CWI Cryptology Group

Abstract: Verifiable Delay Functions (VDFs) are cryptographic primitives which on input (x,T) compute the output y in T sequential steps, together with a proof certifying the output was correctly computed. A security requirement is that one cannot compute y making much fewer than T sequential septs even given massive parallelism, thus the time required to compute an output grows linear in T. The only practical VDFs are based on squaring in groups of unknown order (like RSA or class groups), i.e., on input (x,T), the output is y=x^(2^T) together with a proof of exponentiation (PoE) certifying its correctness. In this talk I will sketch the two constructions of PoE based VDFs (Wesolowski [Eurocrypt'19] and Pietrzak [ITCS'19]) and some unexpected applications to privacy (using OR-proofs to construct deniable schemes), computational number theory (certifying giant non-primes) and complexity (proving hardness of NASH).

Abstract: We propose verifiable secret sharing (VSS) schemes secure for any honest majority in the synchronous model, and that only use symmetric-key cryptographic tools (in fact, only random oracles), therefore having plausibly post-quantum security. Compared to the state-of-the-art scheme with these features, our main improvement lies on the complexity of the “optimistic” scenario where the dealer and all but a small number of receivers behave honestly in the sharing phase. This VSS protocol is of interest in multiparty computations where each party runs one VSS as a dealer, such as distributed key generation protocols. Our main technical handle is a distributed zero-knowledge proof of "low degreeness" of a polynomial where the statement is distributed among several verifiers, each knowing one evaluation. Using folding techniques similar to FRI we construct such a proof where each verifier receives polylogarithmic information and runs in polylogarithmic time. This talk is based on joint work with Daniele Cozzo and Emanuele Giunta, published in Asiacrypt 24.

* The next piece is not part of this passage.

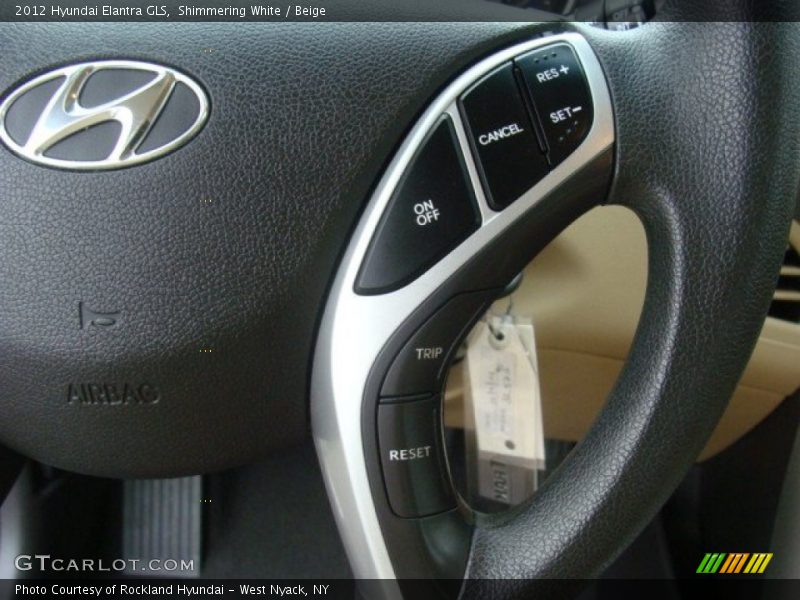 Shimmering White / Beige 2012 Hyundai Elantra GLS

Abstract: Whether we can protect our private data in the current landscape of AI evolution is a complex question. We will show how the timelines of AI development, various techniques for confidential computing towards transition-to-practice (T2P), and governance and policy have started to come together. In order to achieve T2P of confidential computing for AI, more research and work needs to be done for a prolonged time period. Also, we observe that differential privacy has not led to its promise for training deep neural networks and we discuss alternative approaches.

Abstract: We extend the classical concept of Claw-Free Trapdoor Functions (introduced by Goldwasser, Micali, and Rivest in 1984, and later refined by Damgård in 1988) to encompass multiple claws. Building on this generalization, we demonstrate how multi-claws enable stronger security guarantees for the CPace Password-Authenticated Key Exchange protocol, as standardized by the IRTF CFRG. We also show how this new perspective ties in with questions of post-quantum security.

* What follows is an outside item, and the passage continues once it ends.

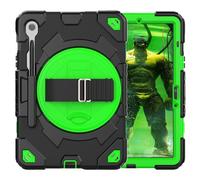 Heavy Duty Shockproof TPU Case for Samsung Galaxy Tab S9 11 inch SM-X710/X716B/X718U 2023 Kids Case,Rugged Dropproof Protective Cover 360° Rotating Kickstand+Handle+Shoulder Strap(Black+Green)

Abstract: This talk showcases the technical tool of hash proof systems, as developed by Cramer and Shoup, in cryptography. We both take a look at the definition of hash proof systems (and mention several variants), and their applications. This talk also has a personal perspective: I have learned about hash proof systems during my time as a postdoc at CWI, and they have since proved to be a highly useful tool in my technical toolbox.

Abstract: Secure multi-party computation (MPC) and homomorphic encryption are very powerful tools to compute with secret numbers without revealing inputs or any intermediate values. To securely achieve high accuracy with varying number sizes, one needs to work with floating points in the secret (secret-shared or encrypted) domain. The main bottleneck of secure floating points is addition. We improve its efficiency by designing a protocol for multiple additions, using standard building blocks available in most MPC platforms. The more additions n were combined, the larger the relative gain, up to a factor 13 with n = 1,024. Additionally, we introduce a new protocol for securely computing the bitlength (given upper bound M), the first one with linear time complexity and constant round complexity. It reduces secure multiplications with a factor 4 (for the constant-round solution), or the number of communication rounds with a factor M/2 (for the logarithmic-round solution). We evaluate accuracy, execution time and communication complexity of our protocols, and released them open source, such that they can be broadly used to improve the efficiency of secure floating-point arithmetic.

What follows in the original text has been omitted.